New International Health Insurance

Aviva have recently launched a new private medical insurance product for people who live abroad. International Solutions is a flexible plan that offers different options for Brits who live abroad.

In the UK we have a fantastic base level of care in the NHS and, bar a few charges, its free for all UK citizens but what about UK citizens who live and work abroad? Different countries offer different levels of health care and for those who want to ensure they keep receiving good care private medical insurance is a very attractive option.

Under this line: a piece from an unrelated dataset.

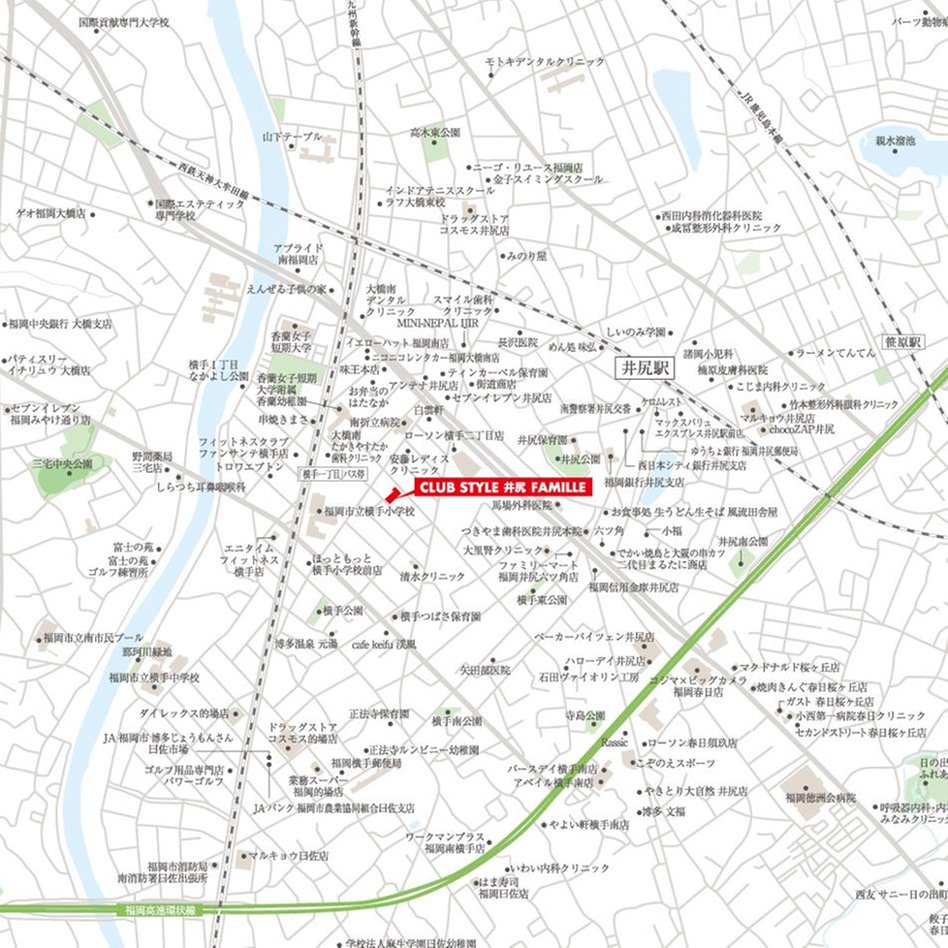 クラブスタイル 井尻ファミーユの現地案内図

International Solutions offer a comprehensive core policy with a variety of add-on options that will enable people to choose different modules including:
  • Wellness, Dental and Optical
  • Increased Out-patient
  • Compassionate Travel
  • Maternity
International Solutions is offered to both individual and corporate clients and cover costs vary according to where you are in the world. If costs are cheaper in one area then they are reflected in the premiums that you pay and if you are in a more expensive band you will also be covered in areas that are less expensive than yours.

Andrew Turner, Aviva’s head of international, said:

'As Aviva’s healthcare arm, we’ve a wealth of experience in the global market and recognise that healthcare provision differs across the world. With budgets tight, both corporate and individual customers need the flexibility to be able to tailor their medical insurance to suit their needs and to complement the healthcare provision in their country of residence.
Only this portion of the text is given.